5 gennaio 2015: L’odore dei libri
Leggo Effi Briest di Theodor Fontane (1895), un romanzo di una bellezza, di un vigore e di una grazia straordinari. Un capolavoro della letteratura di ogni tempo, che raccomando agli amici se ancora non l’avessero letto. Si è sempre a tempo: io l’ho scoperto da poche settimane, grazie a Thomas Mann. Quanto è sorprendente e mirabile il contenuto poetico del libro non altrettanto è la confezione, veramente inadeguata, dell’edizione di cui mi servo, Garzanti 1998.
Il formato è piccolo, e questo di per sé non vorrebbe dire nulla; se non fosse che al formato piccolo si accompagnano la qualità scadente della carta, margini esigui, legatura pessima, così stretta che si fatica a leggere le parole al margine interno. Dovrò cercarmi un’altra edizione, perché questa mi indispone ogni volta che la prendo in mano.
La qualità della confezione di un libro esercita sul mio umore un influsso non trascurabile. Non dovrebbe essere così, ma non so sottrarmi al piacere che mi reca in un libro il perfetto connubio tra confezione e contenuto. E quanto più è valido, ricco, nutriente il contenuto tanto più mi è gradito se esso mi viene offerto in un libro che è anche bello.

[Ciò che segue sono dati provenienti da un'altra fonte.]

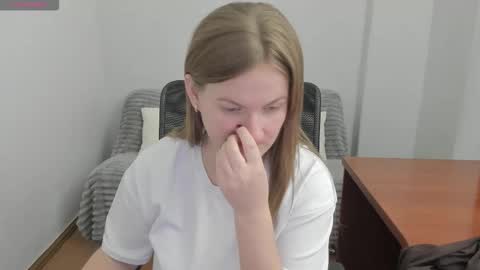 Mila online show from February 5, 12:03 am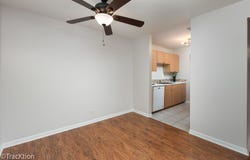 13A Kingery Quarter, Willowbrook, IL 60527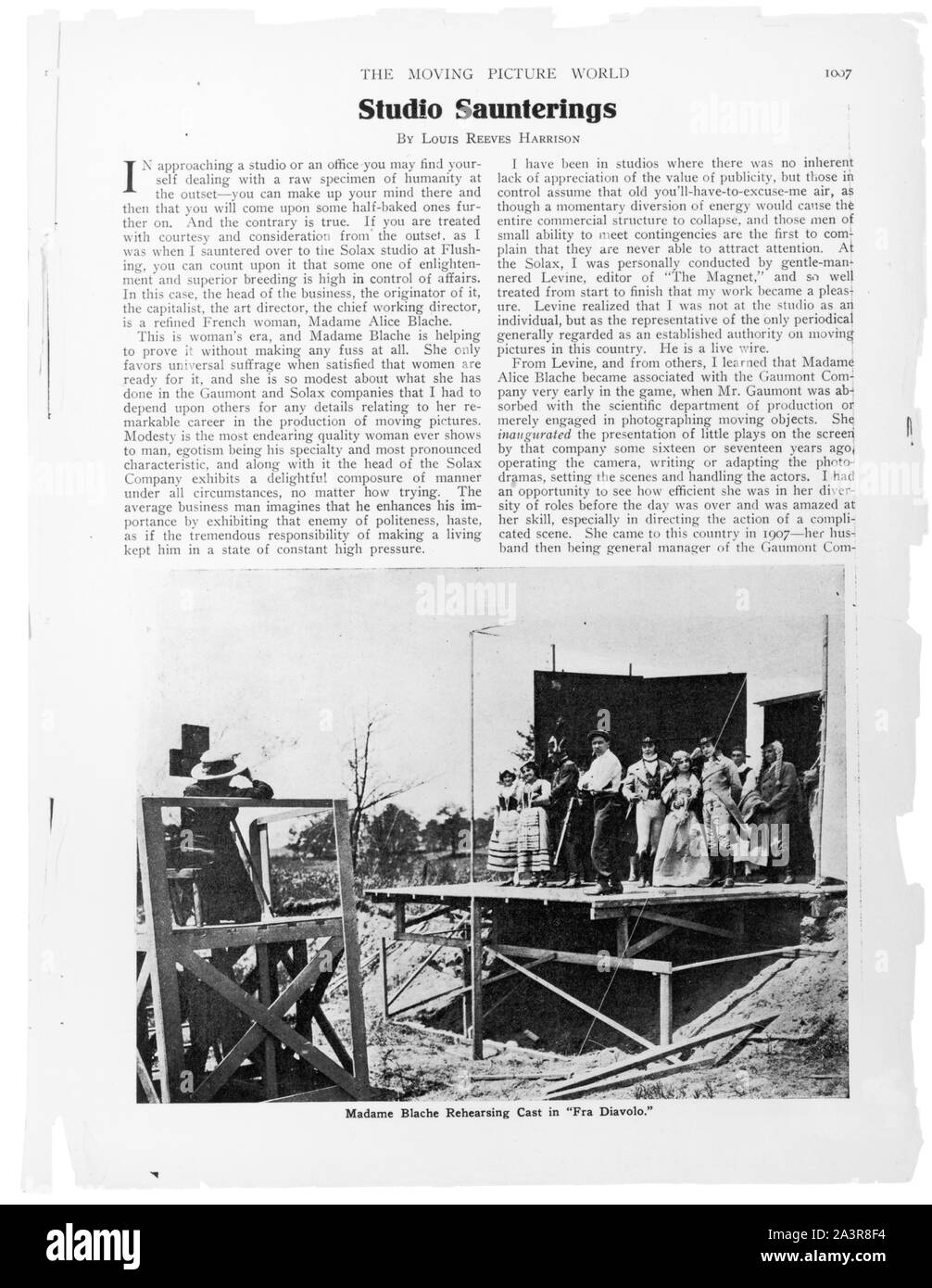 Studio saunterings--Madame Blache rehearsing cast dans Fra Diavolo Banque D'Images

Quando per motivi di studio ho tra le mani le Bibbie in folio di Robert Estienne, in particolare quelle del 1532 e del 1540, che sono e che saranno per sempre tra i più bei libri del mondo, resto meravigliato nel vedere come un libro possa essere un mondo d’incantata armonia, in cui testo, carta, caratteri e corpi, impaginazione, decoro, legatura sono in perfetto equilibrio, grato raccordo e felice disposizione.
Di un libro mi piace la qualità della carta, meglio se sottile e leggermente avoriata, delicata al tatto; il carattere tipografico limpido, semplice, riposante; i margini ampi, quello inferiore il doppio di quello superiore; la legatura solida, possibilmente cartonata, e che la pagina, una volta letta e girata, riposi tranquilla adagiandosi leggera e comoda sulle altre e non che si sollevi impertinente e recalcitrante. Mi piace anche l’odore di certe carte. Mi capita di associare il ricordo di un libro al suo odore. Qualche anno fa rilessi La luna e i falò di Cesare Pavese, che avevo letto ai tempi del Liceo. Mentre lo rileggevo mi pareva di ricordare qualcosa del libro letto da giovane che ora mi sfuggiva. Che cos’era? All’improvviso compresi, l’odore. La luna e i falò che avevo letto al Liceo, se non erro un Oscar Mondadori, aveva un odore diverso dell’edizione che stavo rileggendo. Associo dentro di me, quando leggo, valori spirituali, visivi, tattili, odoriferi, e li mantengo nel ricordo spesso uniti. Ed è giusto che sia così, perché nella mia filosofia non c’è separazione metafisica tra spirito e corpo, tra sensazione e pensiero, pur se il contenuto spirituale di un libro verrà sempre prima della qualità della carta e della bellezza dei caratteri. Non mettetemi, vi prego, tra i feticisti del libro.